È più o meno questo ciò che ho vissuto in Q [miglior romanzo italiano del dopoguerra, NdClaudio] e ne L’Armata dei Sonnambuli (ma che ho ritrovato anche in questo bellissimo articolo [prima parte, seconda parte]), quando, dal caos delle prime cento/duecento pagine, gli eventi cominciano a delinearsi in una forma comprensibile e ad ordinarsi in traiettorie intelligibili. È in quel preciso momento che si realizza la meraviglia della loro scrittura: quando il quadro completo prende la sua forma definitiva e il lettore sa esattamente dove si trova. La vita dopotutto è fatta di eventi che si presentano caotici e ci travolgono spesso senza un ordine o un motivo preciso, ed è pure vero che siamo noi ad interpretarli come un sistema di cause ed effetti.

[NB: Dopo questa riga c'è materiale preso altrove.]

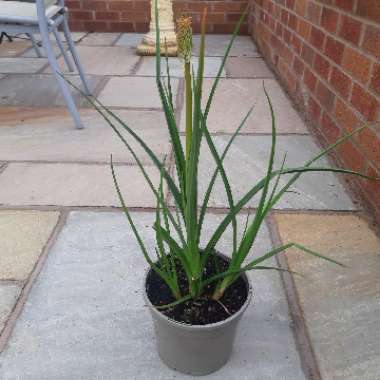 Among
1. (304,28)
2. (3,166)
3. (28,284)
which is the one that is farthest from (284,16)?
(28,284)

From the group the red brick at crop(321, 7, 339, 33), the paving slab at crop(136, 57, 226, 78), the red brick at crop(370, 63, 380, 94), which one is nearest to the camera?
the red brick at crop(370, 63, 380, 94)

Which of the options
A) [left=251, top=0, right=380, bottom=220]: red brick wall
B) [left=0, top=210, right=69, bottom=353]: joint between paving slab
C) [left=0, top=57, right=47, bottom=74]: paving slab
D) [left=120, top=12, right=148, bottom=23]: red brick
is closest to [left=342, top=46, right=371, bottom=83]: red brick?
[left=251, top=0, right=380, bottom=220]: red brick wall

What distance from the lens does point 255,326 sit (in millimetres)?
1141

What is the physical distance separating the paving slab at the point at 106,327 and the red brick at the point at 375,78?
71cm

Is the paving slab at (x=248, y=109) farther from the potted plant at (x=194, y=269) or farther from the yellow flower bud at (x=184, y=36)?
the yellow flower bud at (x=184, y=36)

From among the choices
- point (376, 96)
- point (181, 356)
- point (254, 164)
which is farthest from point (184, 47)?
point (254, 164)

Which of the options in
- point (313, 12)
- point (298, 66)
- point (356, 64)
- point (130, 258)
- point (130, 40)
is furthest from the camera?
point (130, 40)

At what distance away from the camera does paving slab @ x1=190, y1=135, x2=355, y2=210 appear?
167 cm

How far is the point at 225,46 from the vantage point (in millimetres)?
3986

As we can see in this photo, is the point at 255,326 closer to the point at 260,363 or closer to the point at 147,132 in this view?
the point at 260,363

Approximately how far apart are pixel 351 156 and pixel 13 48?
3309 mm

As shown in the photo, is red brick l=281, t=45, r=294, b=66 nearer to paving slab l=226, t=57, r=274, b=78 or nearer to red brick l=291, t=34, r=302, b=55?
red brick l=291, t=34, r=302, b=55

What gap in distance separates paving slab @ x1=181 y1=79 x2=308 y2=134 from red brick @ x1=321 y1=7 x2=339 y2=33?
50cm

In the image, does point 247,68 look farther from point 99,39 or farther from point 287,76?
point 99,39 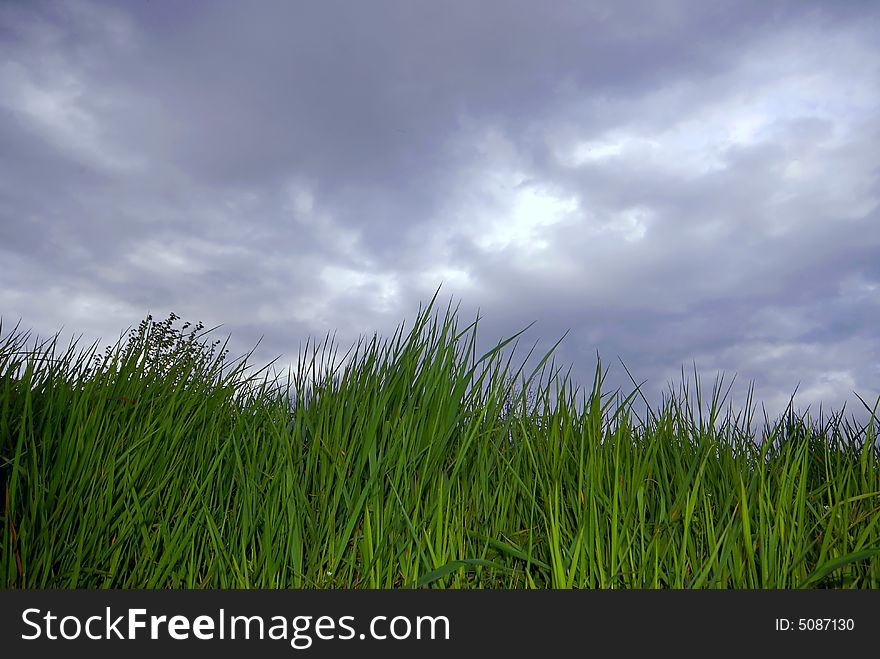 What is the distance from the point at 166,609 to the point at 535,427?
1933 millimetres

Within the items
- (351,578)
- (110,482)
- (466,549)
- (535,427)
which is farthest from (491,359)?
(110,482)

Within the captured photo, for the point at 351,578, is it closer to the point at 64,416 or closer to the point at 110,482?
the point at 110,482

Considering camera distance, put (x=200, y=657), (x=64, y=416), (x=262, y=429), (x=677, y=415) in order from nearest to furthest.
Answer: (x=200, y=657) → (x=64, y=416) → (x=262, y=429) → (x=677, y=415)

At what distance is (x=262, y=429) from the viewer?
11.9 feet

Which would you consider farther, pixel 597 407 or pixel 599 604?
pixel 597 407

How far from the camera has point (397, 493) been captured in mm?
2871

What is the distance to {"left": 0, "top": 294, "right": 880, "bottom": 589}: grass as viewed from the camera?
2.80 meters

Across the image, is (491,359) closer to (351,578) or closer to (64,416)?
(351,578)

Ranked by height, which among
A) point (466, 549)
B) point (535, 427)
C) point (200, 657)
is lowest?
point (200, 657)

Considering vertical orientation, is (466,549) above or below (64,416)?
below

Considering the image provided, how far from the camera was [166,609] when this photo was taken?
251 cm

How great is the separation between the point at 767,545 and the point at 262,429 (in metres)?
2.44

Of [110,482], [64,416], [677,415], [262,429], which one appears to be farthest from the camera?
[677,415]

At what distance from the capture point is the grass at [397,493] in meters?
2.80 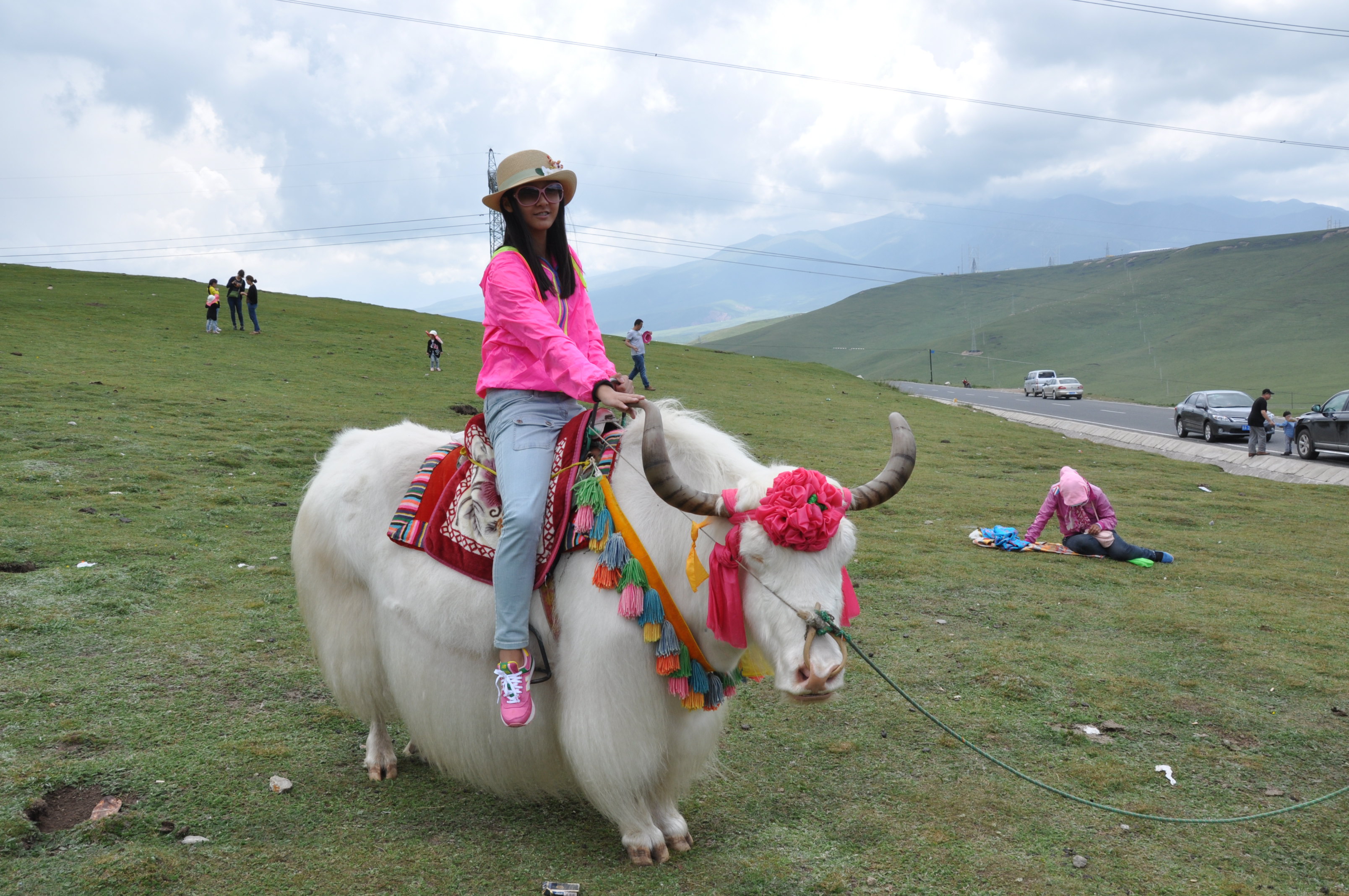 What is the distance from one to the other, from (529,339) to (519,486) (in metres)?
0.54

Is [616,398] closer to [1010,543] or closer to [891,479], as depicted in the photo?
[891,479]

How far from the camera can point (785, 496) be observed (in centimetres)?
271

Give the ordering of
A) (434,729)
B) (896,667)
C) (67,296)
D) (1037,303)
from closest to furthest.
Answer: (434,729) < (896,667) < (67,296) < (1037,303)

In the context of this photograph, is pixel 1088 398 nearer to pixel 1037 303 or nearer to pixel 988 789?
pixel 988 789

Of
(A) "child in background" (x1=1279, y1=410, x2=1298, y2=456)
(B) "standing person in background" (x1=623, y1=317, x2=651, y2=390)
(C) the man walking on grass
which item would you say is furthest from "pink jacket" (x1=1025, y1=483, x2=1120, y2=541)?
(B) "standing person in background" (x1=623, y1=317, x2=651, y2=390)

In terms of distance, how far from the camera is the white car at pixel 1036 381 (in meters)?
46.0

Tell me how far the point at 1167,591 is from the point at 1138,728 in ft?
10.8

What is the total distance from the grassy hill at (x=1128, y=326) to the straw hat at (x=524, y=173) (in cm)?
4818

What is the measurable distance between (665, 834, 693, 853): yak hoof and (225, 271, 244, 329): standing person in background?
26.4 meters

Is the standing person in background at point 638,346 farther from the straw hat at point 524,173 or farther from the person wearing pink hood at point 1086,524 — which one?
the straw hat at point 524,173

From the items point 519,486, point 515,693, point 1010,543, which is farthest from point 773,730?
point 1010,543

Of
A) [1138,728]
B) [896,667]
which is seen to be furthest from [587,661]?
[1138,728]

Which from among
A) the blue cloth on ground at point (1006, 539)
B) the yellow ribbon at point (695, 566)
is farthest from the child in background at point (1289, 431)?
the yellow ribbon at point (695, 566)

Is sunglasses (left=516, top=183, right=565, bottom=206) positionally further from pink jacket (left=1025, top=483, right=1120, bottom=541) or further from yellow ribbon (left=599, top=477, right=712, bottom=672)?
pink jacket (left=1025, top=483, right=1120, bottom=541) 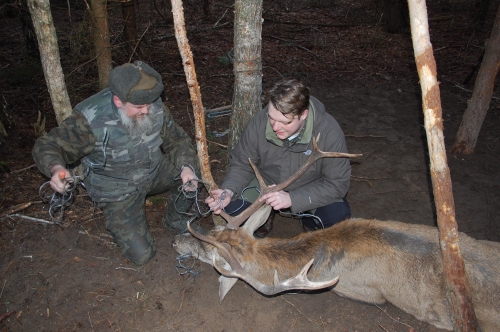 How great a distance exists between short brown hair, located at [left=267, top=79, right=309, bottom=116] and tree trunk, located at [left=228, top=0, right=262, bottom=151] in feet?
3.22

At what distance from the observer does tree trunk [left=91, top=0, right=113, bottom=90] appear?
18.1ft

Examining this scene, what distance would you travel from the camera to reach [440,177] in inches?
123

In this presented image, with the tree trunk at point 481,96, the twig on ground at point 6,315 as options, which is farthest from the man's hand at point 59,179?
the tree trunk at point 481,96

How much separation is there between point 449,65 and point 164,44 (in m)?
7.11

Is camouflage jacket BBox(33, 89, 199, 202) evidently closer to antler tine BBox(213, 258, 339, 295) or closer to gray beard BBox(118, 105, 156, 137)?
gray beard BBox(118, 105, 156, 137)

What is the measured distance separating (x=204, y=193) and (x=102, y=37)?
269 cm

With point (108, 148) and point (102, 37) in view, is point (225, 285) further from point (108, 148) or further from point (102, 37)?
point (102, 37)

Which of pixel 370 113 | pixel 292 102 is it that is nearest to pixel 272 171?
pixel 292 102

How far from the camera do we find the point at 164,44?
33.8 ft

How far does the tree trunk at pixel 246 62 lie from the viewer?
13.7 feet

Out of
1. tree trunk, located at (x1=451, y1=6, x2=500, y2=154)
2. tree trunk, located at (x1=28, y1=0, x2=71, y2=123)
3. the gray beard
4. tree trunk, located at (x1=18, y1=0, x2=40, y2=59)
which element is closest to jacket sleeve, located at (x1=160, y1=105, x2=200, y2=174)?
the gray beard

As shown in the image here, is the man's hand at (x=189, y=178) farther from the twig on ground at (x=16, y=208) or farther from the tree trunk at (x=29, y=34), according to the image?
the tree trunk at (x=29, y=34)

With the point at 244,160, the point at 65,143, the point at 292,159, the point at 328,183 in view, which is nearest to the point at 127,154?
the point at 65,143

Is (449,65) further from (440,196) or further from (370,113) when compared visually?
(440,196) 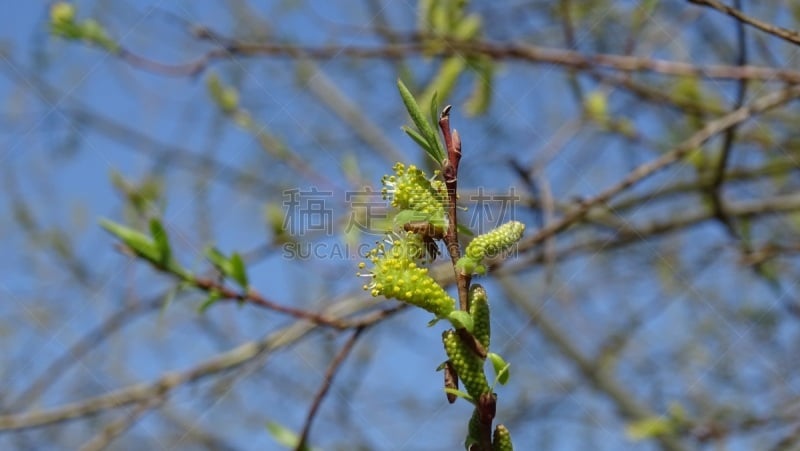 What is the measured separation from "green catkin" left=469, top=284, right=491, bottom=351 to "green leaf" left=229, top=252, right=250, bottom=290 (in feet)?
2.07

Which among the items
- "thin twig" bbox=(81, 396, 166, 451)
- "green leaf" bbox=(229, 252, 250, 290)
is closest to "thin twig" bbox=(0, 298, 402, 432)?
"thin twig" bbox=(81, 396, 166, 451)

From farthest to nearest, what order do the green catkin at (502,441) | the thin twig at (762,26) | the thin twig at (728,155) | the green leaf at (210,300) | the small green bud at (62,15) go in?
the small green bud at (62,15), the thin twig at (728,155), the green leaf at (210,300), the thin twig at (762,26), the green catkin at (502,441)

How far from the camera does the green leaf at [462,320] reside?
594 mm

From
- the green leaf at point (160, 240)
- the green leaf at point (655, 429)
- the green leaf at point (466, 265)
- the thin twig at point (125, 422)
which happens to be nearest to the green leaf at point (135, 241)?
the green leaf at point (160, 240)

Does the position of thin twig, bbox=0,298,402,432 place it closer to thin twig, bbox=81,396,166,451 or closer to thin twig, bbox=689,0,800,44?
thin twig, bbox=81,396,166,451

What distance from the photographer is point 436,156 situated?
65cm

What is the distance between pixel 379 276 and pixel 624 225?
5.40 feet

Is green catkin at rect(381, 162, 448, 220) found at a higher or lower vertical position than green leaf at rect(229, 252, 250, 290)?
lower

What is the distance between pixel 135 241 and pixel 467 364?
27.3 inches

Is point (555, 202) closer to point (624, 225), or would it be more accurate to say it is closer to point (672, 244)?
point (624, 225)

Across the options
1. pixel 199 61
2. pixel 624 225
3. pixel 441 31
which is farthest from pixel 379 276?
pixel 624 225

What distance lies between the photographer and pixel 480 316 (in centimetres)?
62

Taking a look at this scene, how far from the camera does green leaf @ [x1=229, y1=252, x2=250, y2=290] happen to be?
1199 millimetres

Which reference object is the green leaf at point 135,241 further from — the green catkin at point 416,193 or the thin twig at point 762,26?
the thin twig at point 762,26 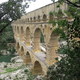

Bisogna dire che anche Proletkult inizia con le stesse premesse, tuttavia, purtroppo, l’effetto Morrowind si esaurisce tutto nelle pagine del prologo. Da lì in avanti, la narrazione diventa subito una linea retta, dove lo l’intreccio procede avanti e indietro su una traiettoria perfettamente bidimensionale. Nulla di male in questo, non per forza bisogna mettere in piedi un labirinto tutte le volte che si vuole raccontare una storia. Ciò che trovo poco efficace qui è lo stile di prosa estremamente didascalico, dove gli eventi vengono scanditi lentamente. Il romanzo ritrova brio negli ultimi capitoli, aiutato anche dall’inerzia che prendono i fatti verso la commovente risoluzione finale, ma, nel mezzo, la lettura avanza affannosamente come su un terreno fradicio.

Non un romanzo brutto, dicevo, ma un mezzo colpo a vuoto: è come un film che parte da ottime basi di soggetto e sceneggiatura, ma dove una regia pedestre rovina il risultato complessivo. Per molti aspetti posso dirmi contento di averlo letto, cionondimeno non riesco a metterlo sullo stesso piano dei loro precedenti lavori, né lo consiglierei a chi mi chiedesse da che parte cominciare per approcciarsi alla loro bibliografia.